Enviada em 16/08/2021

O quadro “A liberdade guiando o povo”, de Eugène Delacroix, ilustra a revolução ocorrida na França no século XIX. Não obstante do lapso temporal, manifestações estão em evidência no século atual. Nesse sentido, é premente analisar as mudanças sociais advindas dos protestos e como estes demonstram uma postura social consciente.

Em primeira análise, é lícito postular a expressão social como geradora de transformação. De acordo com Thomas Hobbes, em sua obra “Leviatã”, o Estado é formado pelo povo e esse tem o dever de reivindicar caso o governo se torne tirano. Como exemplo disso, em 2015, as ruas nacionais foram tomadas por protestos contra o governo da ex-presidenta Dilma Rousseff, a qual não agradou a população e foi destituída do poder. Analogamente, na obra de Delacroix é evidenciado um movimento guiado pela baixa sociedade que não tinha representatividade e derrubou o governo vigente. Desse modo, mudanças sociais são obtidas pelas manifestações populares de forma atemporal.

Faz-se mister salientar, ainda, que a existência desses movimentos representa o caráter crítico social. Nessa óptica, em 2020 o americano George Floyd foi estrangulado até a morte por um policial. Como consequência dessa atitude racista e cruel, a população mundial foi as ruas para manifestar contra as instituições que deveriam garantir a segurança ao invés de tirar a vida dos cidadãos. Desse modo, essa ação social foi guiada pelo posicionamento crítico contra atitudes deploráveis das instituições públicas. Como evidência do supracitado, Karl Marx enfatiza que a luta de classes é consequência da postura racional do proletariado. Dessa maneira, os protestos sociais desencadeiam-se por visões críticas que devem ser estimuladas.

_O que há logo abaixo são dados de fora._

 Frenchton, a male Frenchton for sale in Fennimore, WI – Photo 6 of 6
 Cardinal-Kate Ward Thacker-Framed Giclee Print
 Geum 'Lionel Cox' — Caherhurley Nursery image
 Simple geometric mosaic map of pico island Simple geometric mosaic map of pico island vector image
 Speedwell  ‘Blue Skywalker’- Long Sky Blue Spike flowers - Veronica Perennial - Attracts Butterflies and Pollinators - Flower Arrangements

Infere-se, portanto, a necessidade de medidas aptas a afastarem a sociedade da alienação e promover a manifestação. Logo, urge que o Ministério da Educação, por intermédio da maior parcela de tributos, inclua a disciplina de ética e cidadania nos currículos dos ensinos fundamentais e médio, com a proposta de promover aulas sobre a importância postura crítica cidadã. Essa atitude irá garantir a formação de cidadãos não alienados e que saibam identificar governos antidemocratas e atitudes preconceituosas e, concomitantemente, capazes de organizarem manifestações para obter melhorias, assim como o povo Frances ilustrado por Eugène.